香美市に移住を希望する人々が求めていることのひとつに、自然に近い暮らしがあります。子どもに様々な体験をさせたい、と考える家族には、里山がっこうの米づくり体験や、田んぼの生きもの調査などのイベントが大人気!子育てについては、グローバル教育への関心の高まりを受け、大宮小学校が国際的な教育プログラム「国際バカロレア教育」の認定校になったことも、国内外からの注目を集めています。また、農的な暮らしがしたい、自然農や有機農業に取り組みたい、といったニーズのほか、環境問題へのアプローチとして、林業や狩猟に関心を持って移住を考える人も増えているそうです。

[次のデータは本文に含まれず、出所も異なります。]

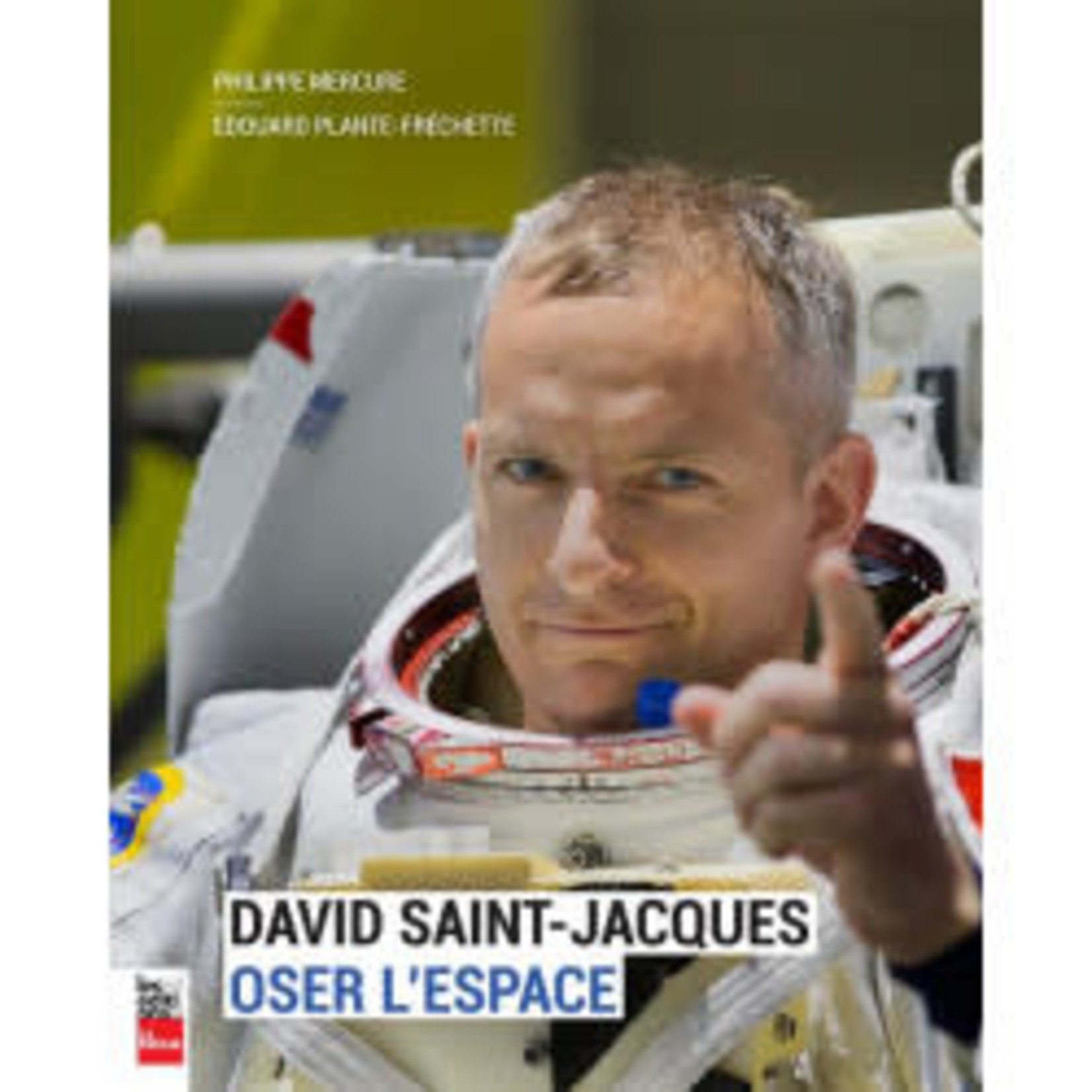 Canadian Space Agency Livre David Saint Jacques Oser l'espace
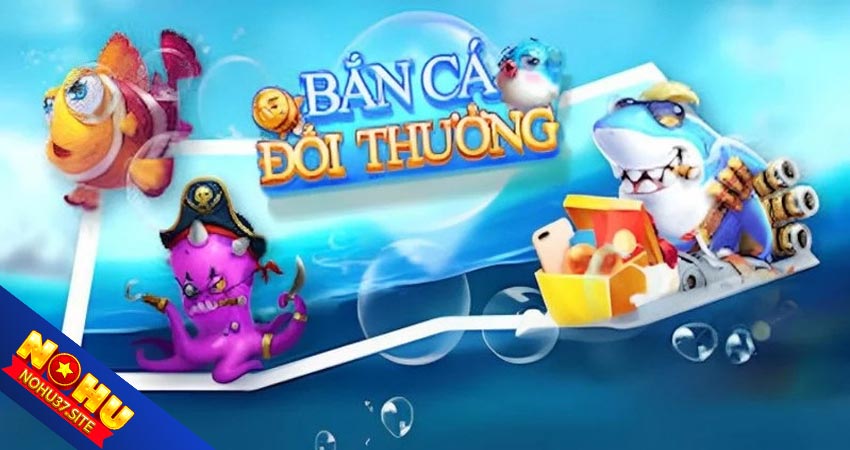 Bắn cá đổi thưởng là gì?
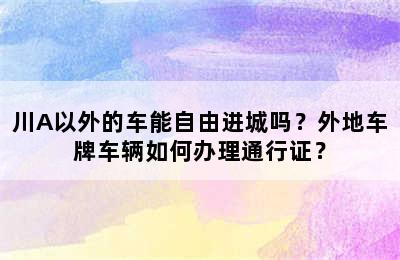 川A以外的车能自由进城吗？外地车牌车辆如何办理通行证？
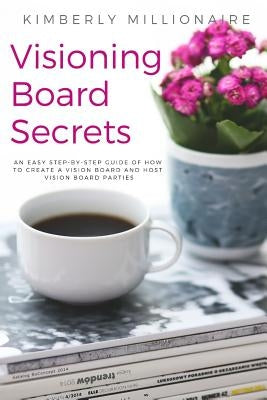 Visioning Boards Secrets: An Easy Step-By-Step Guide of How to Create a Vision Board and Host Vision Board Parties - Vision Board Party 101 by Millionaire, Kimberly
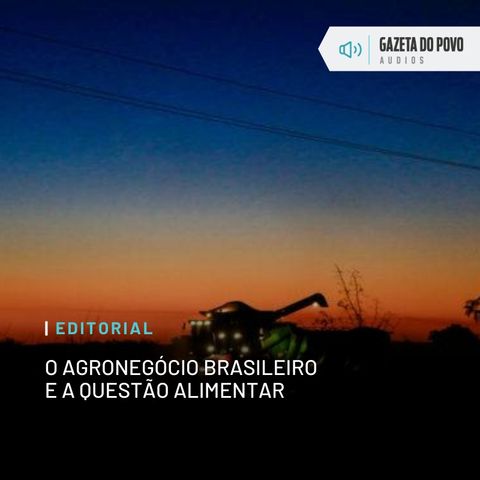 Editorial: O agronegócio brasileiro e a questão alimentar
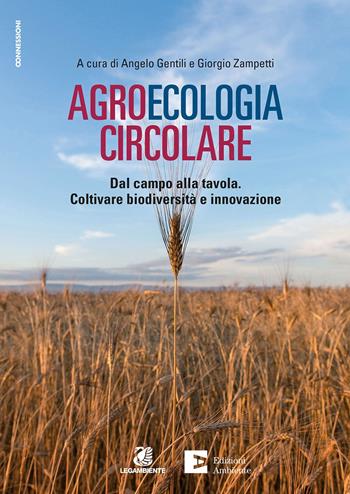 Agroecologia circolare. Dal campo alla tavola. Coltivare biodiversità e innovazione - Zampetti - Libro Edizioni Ambiente 2021, Connessioni | Libraccio.it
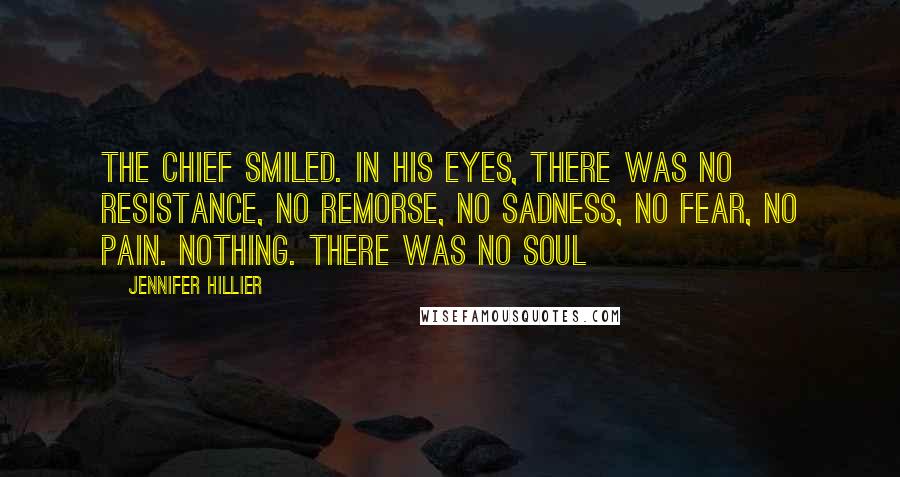 Jennifer Hillier Quotes: The Chief smiled. In his eyes, there was no resistance, no remorse, no sadness, no fear, no pain. Nothing. There was no soul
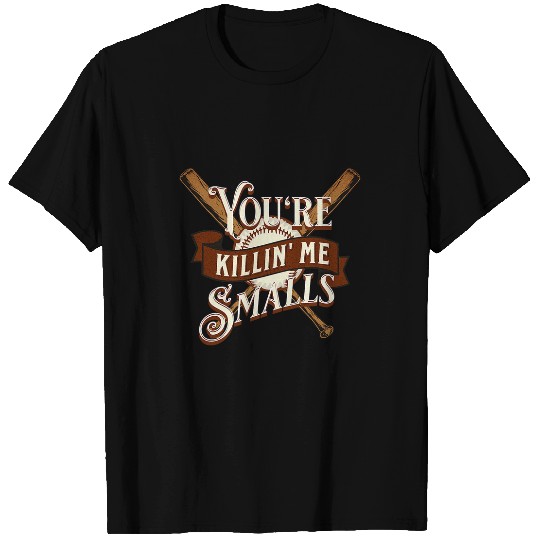 Sport Baseball Youre Killin Me Smalls Quote Funny T-Shirts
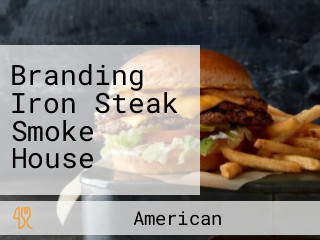 Branding Iron Steak Smoke House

このように自然の豊かさを求めて移住した人々が、地域の環境活動の担い手になる可能性はどこにあるのでしょうか。例えば子どもと一緒に自然体験をする家族をこどもエコクラブ活動につなげる、薪ストーブを持っている人と林業ボランティアをつなげる、狩猟に関心のある人とシカの食害対策のネット張りボランティアをつなげるなど、いろんなアイデアが浮かびます。しかし、ここで注意すべきことは、移住者は、自らの意思でやりたいことをやっている人が大半であるということ。こちらの期待を押し付けるのではなく、相手が今求めていることに活動を合わせていくことができれば、移住者が環境活動の担い手になる可能性は十分にあるのではないか、と近藤さんは言います。
移住促進には、地域の魅力を伝え、ファンを増やすための取組も不可欠です。香美市を廻る体験博「かみめぐり」では、物部川アユの産卵観察会、野草茶づくりなど環境活動と結び付けたプログラムが想像以上に人気を集めています。お楽しみをベースにし、プログラムを提供する側が伝えたいことだけでなく、主催者側、参加者双方のニーズに沿った内容であれば、環境活動も観光プログラムにできる可能性は十分にあるそうです。
「相手を理解すること」が個人テーマだという近藤さん。「相手を理解すればするほど、事前に情報を集めれば集めるほど、企画成功の可能性は高くなる!」「あるものを広めるより、広まるものを創出することを意識する」「地域の魅力と環境活動をうまく組み合わせる」。環境活動の中間支援においても大いに参考になる考え方だと思いました。
(2022年9月24日)
プロフィール:近藤純次(こんどう じゅんじ)
高知工科大学卒業後、環境の杜こうち事務局スタッフを経て、2015年から「特定非営利活動法人いなかみ」理事長として、香美市の移住促進、地域活性化事業などに取り組む。